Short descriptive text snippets
*** Block opens ***

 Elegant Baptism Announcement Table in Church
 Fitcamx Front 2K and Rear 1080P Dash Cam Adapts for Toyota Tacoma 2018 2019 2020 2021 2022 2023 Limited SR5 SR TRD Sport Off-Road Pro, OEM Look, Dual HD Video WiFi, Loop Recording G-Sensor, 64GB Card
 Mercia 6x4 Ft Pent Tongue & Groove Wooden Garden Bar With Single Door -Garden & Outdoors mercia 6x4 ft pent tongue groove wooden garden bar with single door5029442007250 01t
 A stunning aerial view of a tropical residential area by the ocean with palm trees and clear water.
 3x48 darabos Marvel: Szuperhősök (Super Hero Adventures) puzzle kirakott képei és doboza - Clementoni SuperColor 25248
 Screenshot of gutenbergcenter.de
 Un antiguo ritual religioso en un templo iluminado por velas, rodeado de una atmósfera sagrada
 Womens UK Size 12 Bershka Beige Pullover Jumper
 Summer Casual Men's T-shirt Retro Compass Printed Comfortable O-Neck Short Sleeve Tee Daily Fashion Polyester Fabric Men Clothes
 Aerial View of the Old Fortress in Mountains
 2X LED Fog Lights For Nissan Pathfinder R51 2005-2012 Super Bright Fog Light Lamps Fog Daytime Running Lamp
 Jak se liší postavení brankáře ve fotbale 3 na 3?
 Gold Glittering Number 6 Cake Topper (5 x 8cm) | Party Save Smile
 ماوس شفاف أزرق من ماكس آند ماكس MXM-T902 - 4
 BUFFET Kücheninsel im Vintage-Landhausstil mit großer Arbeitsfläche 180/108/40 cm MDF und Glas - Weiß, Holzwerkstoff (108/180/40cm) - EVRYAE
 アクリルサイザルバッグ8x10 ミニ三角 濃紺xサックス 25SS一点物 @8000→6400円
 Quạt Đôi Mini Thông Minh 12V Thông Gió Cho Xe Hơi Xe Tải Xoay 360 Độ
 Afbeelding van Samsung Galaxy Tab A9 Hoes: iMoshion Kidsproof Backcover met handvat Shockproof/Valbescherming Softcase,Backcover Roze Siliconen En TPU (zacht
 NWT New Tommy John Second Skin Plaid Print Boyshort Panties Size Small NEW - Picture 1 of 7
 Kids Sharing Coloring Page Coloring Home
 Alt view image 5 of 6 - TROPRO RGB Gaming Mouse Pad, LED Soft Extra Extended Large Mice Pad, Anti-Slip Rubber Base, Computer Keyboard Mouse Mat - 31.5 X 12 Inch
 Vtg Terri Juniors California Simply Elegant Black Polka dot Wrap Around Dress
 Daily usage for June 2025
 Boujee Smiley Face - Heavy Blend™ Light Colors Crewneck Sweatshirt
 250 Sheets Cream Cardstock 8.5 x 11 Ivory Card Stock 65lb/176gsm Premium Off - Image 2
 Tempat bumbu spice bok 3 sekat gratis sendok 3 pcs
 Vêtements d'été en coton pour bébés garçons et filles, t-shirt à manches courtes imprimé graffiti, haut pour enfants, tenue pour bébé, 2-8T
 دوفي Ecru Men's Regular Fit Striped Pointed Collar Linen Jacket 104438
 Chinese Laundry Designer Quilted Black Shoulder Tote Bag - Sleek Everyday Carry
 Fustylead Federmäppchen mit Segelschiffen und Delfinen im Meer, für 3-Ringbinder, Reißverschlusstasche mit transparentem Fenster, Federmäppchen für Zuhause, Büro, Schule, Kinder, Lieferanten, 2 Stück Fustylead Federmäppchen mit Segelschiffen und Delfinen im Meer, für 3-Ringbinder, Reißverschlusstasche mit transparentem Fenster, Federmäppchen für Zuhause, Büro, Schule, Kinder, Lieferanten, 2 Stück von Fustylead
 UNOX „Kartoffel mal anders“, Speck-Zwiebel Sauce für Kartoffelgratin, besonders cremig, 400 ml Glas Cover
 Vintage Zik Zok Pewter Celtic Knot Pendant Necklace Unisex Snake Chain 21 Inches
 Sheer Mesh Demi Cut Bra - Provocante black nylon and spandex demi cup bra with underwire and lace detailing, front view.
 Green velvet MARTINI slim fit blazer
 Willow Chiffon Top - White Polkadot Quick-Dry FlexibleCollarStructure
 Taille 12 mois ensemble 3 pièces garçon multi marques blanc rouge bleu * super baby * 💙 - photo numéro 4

*** Block closes ***

> EXERCISE AIM: Extract every line of the records above that contains the word "Daily".

> TASK ANSWER:
 Summer Casual Men's T-shirt Retro Compass Printed Comfortable O-Neck Short Sleeve Tee Daily Fashion Polyester Fabric Men Clothes
 Daily usage for June 2025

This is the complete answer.